Minimize adding odd and subtracting even numbers to make all array elements equal to K
Last Updated :
26 Apr, 2021
Given an array, arr[] of size N and an integer K, the task is to find the minimum number of operations required to make all array elements equal to K by performing the following operations any number of times:
- Convert arr[i] to arr[i] + X, where X is an odd number.

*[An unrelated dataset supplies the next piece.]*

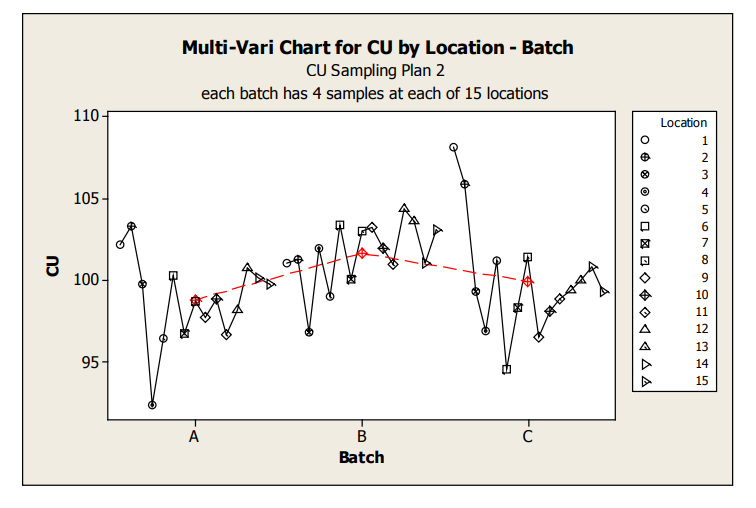 Figure 7: Sampling Plan 2 Location by Batch Scatter Plot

- Convert arr[i] to arr[i] – Y, where Y is an even number.
Examples:
Input: arr[] = {8, 7, 2, 1, 3}, K = 5
Output: 8
Explanation: To make all elements of the given array equal to K(= 5), following operations are required:
arr[0] = arr[0] + X, X = 1
arr[0] = arr[0] – Y, Y = 4
arr[1] = arr[1] – Y, Y = 2
arr[2] = arr[2] + X, X = 3
arr[3] = arr[3] + X, X = 3
arr[3] = arr[3] + X, X = 1
arr[4] = arr[4] + X, X = 1
arr[4] = arr[4] + X, X = 1
Input: arr[] = {1, 2, 3, 4, 5, 6, 7}, K = 3
Output: 9
Approach: The problem can be solved using the Greedy technique. Following are the observations:
Even + Even = Even
Even + Odd = Odd
Odd + Odd = Even
Odd + Even = Odd
Follow the steps below to solve the problem:
- Traverse the given array and check the following conditions.
- If K > arr[i] and (K – arr[i]) % 2 == 0 then add two odd numbers(X) into arr[i]. Therefore, total 2 operations required.
- If K > arr[i] and (K – arr[i]) % 2 != 0 then add one odd numbers(X) into arr[i]. Therefore, total 1 operations required.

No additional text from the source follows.